Tripudiou da Justiça Eleitoral
O promotor eleitoral que moveu uma das ações argumenta que os autores da fake news só agiram assim por desacreditar da capacidade fiscalizatória e punitiva da Justiça Eleitoral, o que precisaria ser respondido à altura.
“A divulgação [da pesquisa falsa] no domingo das eleições é acreditar que a Justiça Eleitoral não terá pulso para tomar providências, achando que a Justiça Eleitoral é um mero regulador e proibir santinhos e boca de urna. Sobre o tema a ministra Cármen Lúcia, presidente do TSE, em discurso proferido no dia 24/09/2024, [disse que] a Justiça Eleitoral tem que ser célere e dar uma resposta firme, para que as fake news, verdadeiros atos de corrupção modernos, sejam combatidas com veemência”.
Ele cita a ministra textualmente: “A mentira espalhada pelos poderosos ecossistemas das plataformas é um desaforo tirânico contra a integridade das democracias. Um instrumento de covardes e egoístas”.

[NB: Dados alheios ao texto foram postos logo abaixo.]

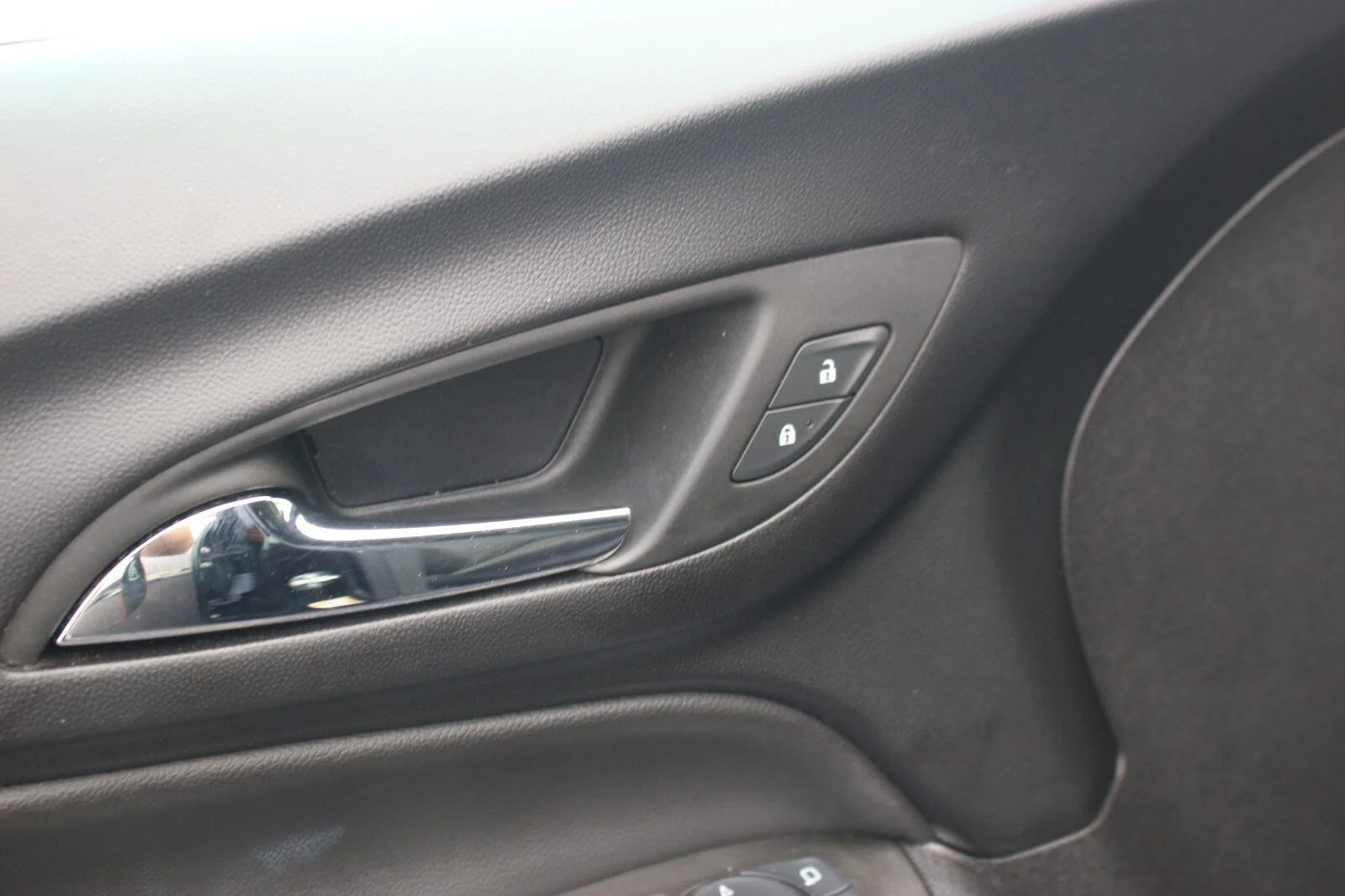 Used 2024 Mosaic Black Metallic Chevrolet LT image 16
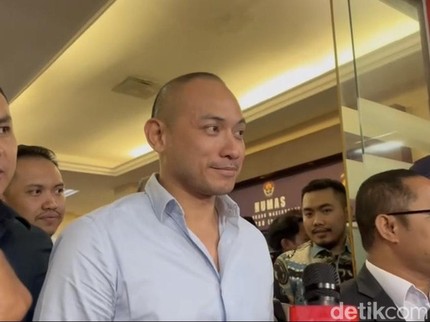 Tiko Aryawardhana Larang Penggunaan Nama & Foto BCL dalam Kasusnya
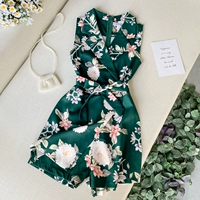 Jumpsuit nữ 2019 khí chất mới phù hợp với cổ áo không tay hoa một mảnh quần short Xia Yang gas ống rộng chân quần thủy triều - Quần short shop thời trang nữ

Comparação com Pablo Marçal
Em duas passagens da peça acusatória, o promotor faz menção (uma indireta e uma direta) ao coach Pablo Marçal, candidato a prefeito de São Paulo derrotado na última eleição, como exemplo de um concorrente que provou não respeitar limite algum para vencer uma disputa:
“Os inescrupulosos são capazes de juntar atestados falsos, alegando que o adversário é dependente de cocaína, e fazem a divulgação na cara dos juízes eleitorais”, escreveu o representante do Ministério Público.
Em outra passagem, ele se dirigiu ao prefeito de Santa Maria de Jetibá comparando-o a Marçal:
“Não me venha com assertivas de que foi um mero repassador, como por exemplo o candidato Marçal em São Paulo, que divulga atestado, imputando ao seu adversário que era dependente químico. O estrago já está feito”.